Most previous studies have suggested that African American individuals have lower rates of depression compared with White individuals. These National Health and Nutrition Examination Survey III findings indicate that prevalence of depression differs significantly by race/ethnicity but that comparative rates depend on the type of depression. African American and Mexican American individuals have higher lifetime prevalence rates of dysthymic disorder, whereas White individuals have higher lifetime prevalence rates of major depressive disorder.

What is it about being African American or Mexican American in the United States that results in chronic dysphoria? Our findings are partially explained by poverty and lack of education; however, other cultural factors may have a mediating effect. There may be subgroups of Mexican American persons (e.g., immigrants with little education who do not speak English) with a higher prevalence of dysthymic disorder. Past research has shown the importance of immigration status and generational differences (e.g., acculturation).10 We found that non–English-speaking persons had significantly lower education (P = .000). Although the Spanish-language version of the Diagnostic Interview Schedule8 was used, non–English-speaking persons may have understood questions differently, may have manifested depression differently, or may have been less willing to endorse depression.
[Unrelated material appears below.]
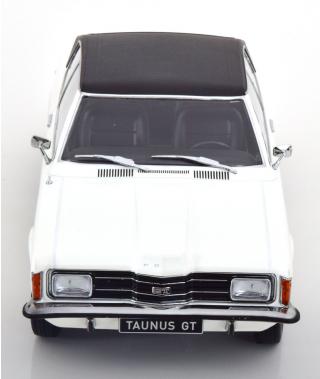 Ford Taunus GT Coupe 1971 weiß/mattschwarz mit Vinyldach   (eckige Scheinwerfer) KK-Scale 1:18 Metallmodell (Türen, Motorhaube... nicht zu öffnen!)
Differences by race/ethnicity in help seeking, accessing mental health services, and using psychotropic medication also may have contributed. Riolo et al.,11 in their analyses of National Health and Nutrition Examination Survey III data, found that rates of psychotropic medication treatment differed by racial/ethnic group. Although African American and Mexican American individuals have lower rates of major depressive disorder than do White individuals, they are also less likely to receive medical treatment, which may contribute to more chronic depression.11,12

Study limitations include year of data collection and consequent use of DSM-III-R diagnostic criteria. However, respondents were asked whether they had taken medication or told a provider about their symptoms; these questions were used to approximate the functional impairment criterion of Diagnostic and Statistical Manual of Mental Disorders, Fourth Edition. In addition, accuracy of lifetime diagnoses based on self-report may be affected by recall bias (e.g., results show higher lifetime rates of major depressive disorder among those aged 20–24 vs 25–34 years). Self-report is also limited by patient insight and does not allow for examiner ability to elicit nonverbal signs of depression (e.g., psychomotor retardation). Future research is needed to consider other potentially important factors, such as unemployment, rural residence, and comorbid disorders (e.g., substance use and anxiety disorders).


Lifetime prevalence of Major Depressive Disorder and Dysthymic Disorder:
White 10.40 5.70
African American 7.50 7.50
Mexican American 8.00 7.40

Anonymous said...

As far as I remember reading, happier people have more children on average. They're much more likely to be/stay married as well.

John Smith said...

for girls i'd imagine it leads them being willing more often....for the males, Edward in Twilight is making them even more of a sex symbol than before.